:: Recorded information ::

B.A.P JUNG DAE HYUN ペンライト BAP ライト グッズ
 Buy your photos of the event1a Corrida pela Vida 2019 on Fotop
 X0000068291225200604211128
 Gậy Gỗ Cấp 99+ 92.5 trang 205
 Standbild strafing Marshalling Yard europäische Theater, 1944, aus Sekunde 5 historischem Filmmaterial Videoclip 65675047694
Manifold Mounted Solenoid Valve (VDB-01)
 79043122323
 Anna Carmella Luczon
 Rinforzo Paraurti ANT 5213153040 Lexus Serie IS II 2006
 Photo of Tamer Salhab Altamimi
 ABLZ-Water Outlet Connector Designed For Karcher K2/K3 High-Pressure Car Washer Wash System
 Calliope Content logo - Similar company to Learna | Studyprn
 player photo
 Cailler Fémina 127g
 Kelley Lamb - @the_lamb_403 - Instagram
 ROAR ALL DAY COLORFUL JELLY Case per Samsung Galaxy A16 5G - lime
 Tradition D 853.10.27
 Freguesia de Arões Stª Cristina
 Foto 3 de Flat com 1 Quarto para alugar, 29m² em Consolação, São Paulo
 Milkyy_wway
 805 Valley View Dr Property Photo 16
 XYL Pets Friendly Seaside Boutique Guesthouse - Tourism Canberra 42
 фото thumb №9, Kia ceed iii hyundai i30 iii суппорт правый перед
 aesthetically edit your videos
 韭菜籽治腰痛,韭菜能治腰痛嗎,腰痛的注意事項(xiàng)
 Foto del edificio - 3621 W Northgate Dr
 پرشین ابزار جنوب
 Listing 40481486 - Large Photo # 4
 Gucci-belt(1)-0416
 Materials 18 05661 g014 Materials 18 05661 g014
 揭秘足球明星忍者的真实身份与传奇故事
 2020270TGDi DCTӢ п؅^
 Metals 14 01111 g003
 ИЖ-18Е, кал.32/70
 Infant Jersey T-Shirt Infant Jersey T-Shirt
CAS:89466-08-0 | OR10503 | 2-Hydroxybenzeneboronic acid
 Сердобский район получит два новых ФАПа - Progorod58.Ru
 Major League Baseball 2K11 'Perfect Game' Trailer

:::

*Directions*. The reply should hold only the lines from the top of the records through the line that has "Cailler Fémina 127g", each one exact.

*Answer space*.
B.A.P JUNG DAE HYUN ペンライト BAP ライト グッズ
 Buy your photos of the event1a Corrida pela Vida 2019 on Fotop
 X0000068291225200604211128
 Gậy Gỗ Cấp 99+ 92.5 trang 205
 Standbild strafing Marshalling Yard europäische Theater, 1944, aus Sekunde 5 historischem Filmmaterial Videoclip 65675047694
Manifold Mounted Solenoid Valve (VDB-01)
 79043122323
 Anna Carmella Luczon
 Rinforzo Paraurti ANT 5213153040 Lexus Serie IS II 2006
 Photo of Tamer Salhab Altamimi
 ABLZ-Water Outlet Connector Designed For Karcher K2/K3 High-Pressure Car Washer Wash System
 Calliope Content logo - Similar company to Learna | Studyprn
 player photo
 Cailler Fémina 127g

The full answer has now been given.